I’m just… trying my best to stay unattached and make the most of the life I have. That’s just about my only aspiration. Live this fucking life like it’s the only one you get. Spend it all because you can’t take it with you. And never stop moving. The past might catch up if you stop moving.

My motto is faltering today, because against my better judgment, I find this Evangeline woman interesting.

What happened to her? Why did she just disappear like that? Did she do something? Did someone make her disappear? Was she forced out?

Normally I keep this caring shit to a minimum. It comes at a price, but I can’t help myself. It’s just intriguing. I want to know the answers to all those questions. Not to mention how she got mixed up with Jordan. It makes no sense at all. Because Jordan doesn’t gravitate to the kind of women I do, and I have a feeling Evangeline Rolaine is more my type than his.

“So was Augustine.”

My comment surprises me. Where the fuck did that come from? I have not so much as thought her name in seven years, let alone spoken it out loud.

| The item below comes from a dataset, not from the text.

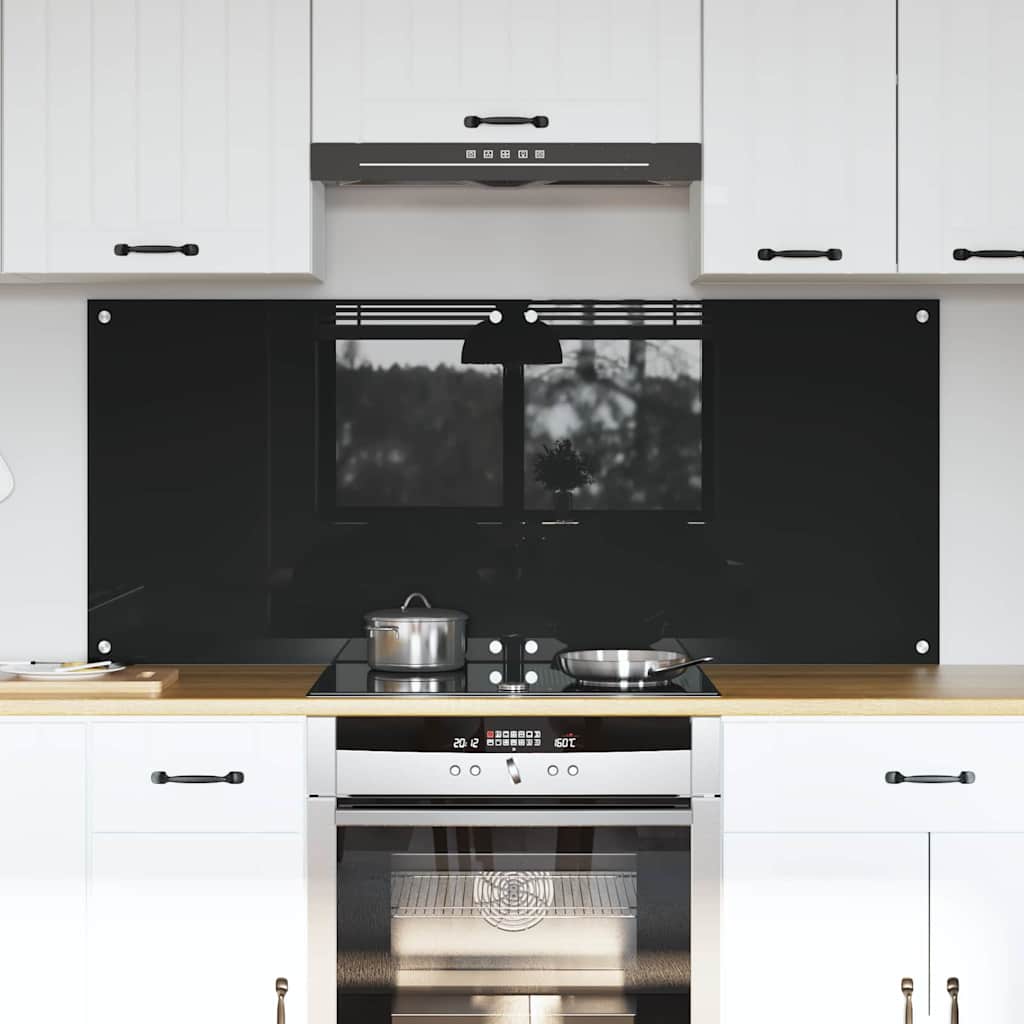 Kitchen Backsplash Black 70 x 60 x 0.8 cm Tempered Glass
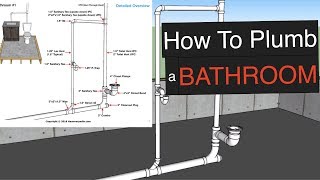 How To Plumb a Bathroom with free plumbing diagrams [upl. by Dnomad882]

Why did it have to end that way?

Stop fucking thinking about her. Now!

I know why.

My phone buzzes, so I answer it, happy to end the internal struggle I’ve been avoiding for seven years. “Yeah.”

“OK, I talked to her doctor and she says leave her alone. She has strict instructions to leave the house if she wants out of the treatment. So if she’s still in the house, she’s still in treatment.”

“So if she leaves, I call you?”

“Yes,” Jordan says. “If she leaves, call me and let me know what she’s doing. Then you follow her. Discreetly. If she leaves and calls her doctor. I’ll call you and then the treatment is over and you can just… fucking come over here and get your money, I guess. Job’s over. Got it?”

He says ‘got it’ like this is some super-simple shit to process. It’s not. So, “No, man. I don’t got it. Just what the fuck have you gotten me into?”

“Your job is simple, OK? You watch her. That’s it.”

“And if something bad happens? I’m just supposed to ignore it?”

“Yes.”

“What if she tries to kill herself?”

“She won’t.”

“How the fuck do you know that? She’s mentally unstable, Jordan. I can’t just let her hurt herself. I can’t—”

“You’re not,” he says. “She’s under the care of a very well-respected psychiatrist. This treatment was planned for a long time. We know what we’re doing.”

“We?” I ask. “We? You’re not a fucking doctor.”

“Correct,” Jordan says. “I’m just the partner who arranges her treatments.”

I open my mouth to say something. Like, What kinda fuckin’ game are you playing now? Or, Who the fuck would trust your twisted mind with people who need mental guidance? Because both of those questions are valid.

But the call drops. Like… three this-convo-is-over beeps hit me like a goddamned slap in the face.

A flash of movement on the monitor makes me look up.

Evangeline Rolaine has opened the bathroom door.